▶ **TRY IT**:
Print only the lines running from the line with "How to Find" to the final line below, both included, exactly as written and without the pictures.

▶ **DATASET CONTENT**:
○ ○ ○ ○ ○

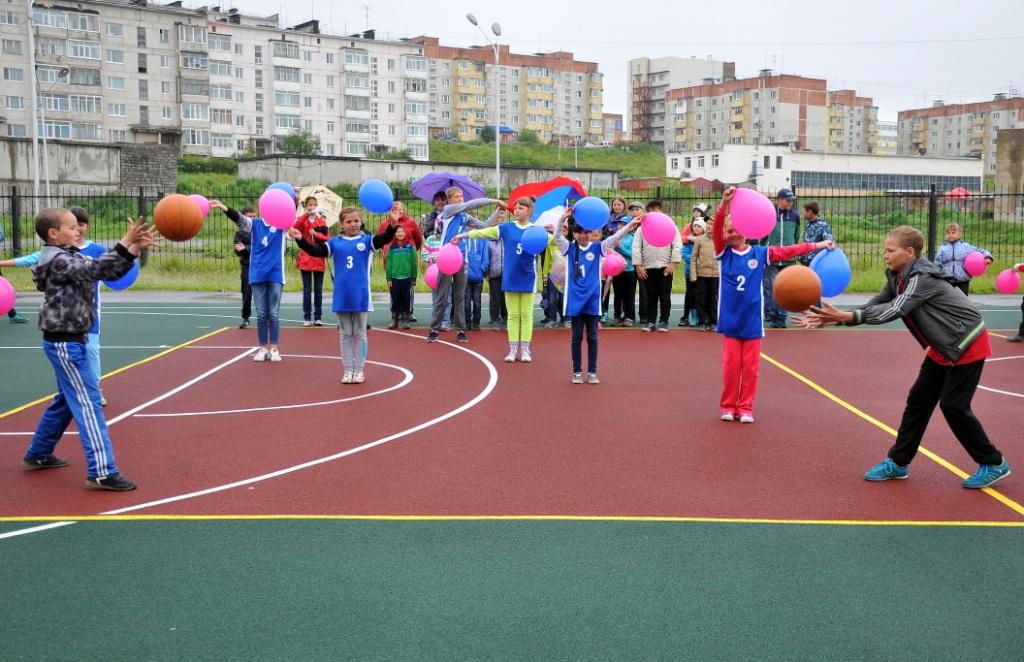 Открытие площадки. Спортивные мероприятия на спортивной площадке. Спортивный двор школы. Открытие спортивной площадки в школе. Спортивные мероприятия для детей на площадках города.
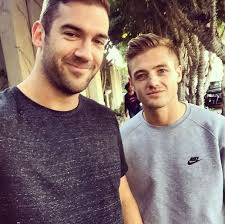 How to Find the Courage to Open Up, Share Your Truth and Live Free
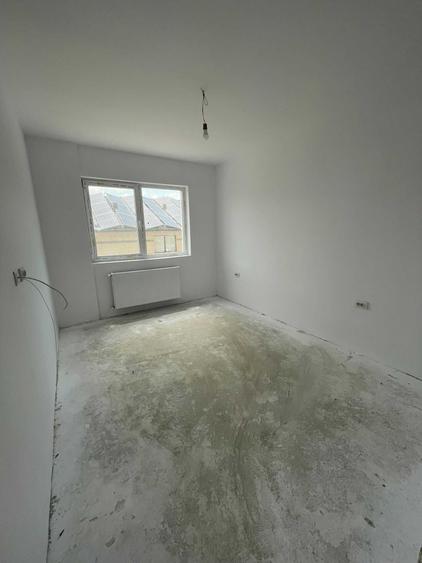 Apartament cu 2 camere decomandat în Vest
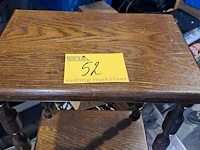 Lot 52 - bijzettafel gedraaide poten - afbeelding 2 van  3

○ ○ ○ ○ ○

▶ **WORKED SOLUTION**:
 How to Find the Courage to Open Up, Share Your Truth and Live Free
 Apartament cu 2 camere decomandat în Vest
 Lot 52 - bijzettafel gedraaide poten - afbeelding 2 van  3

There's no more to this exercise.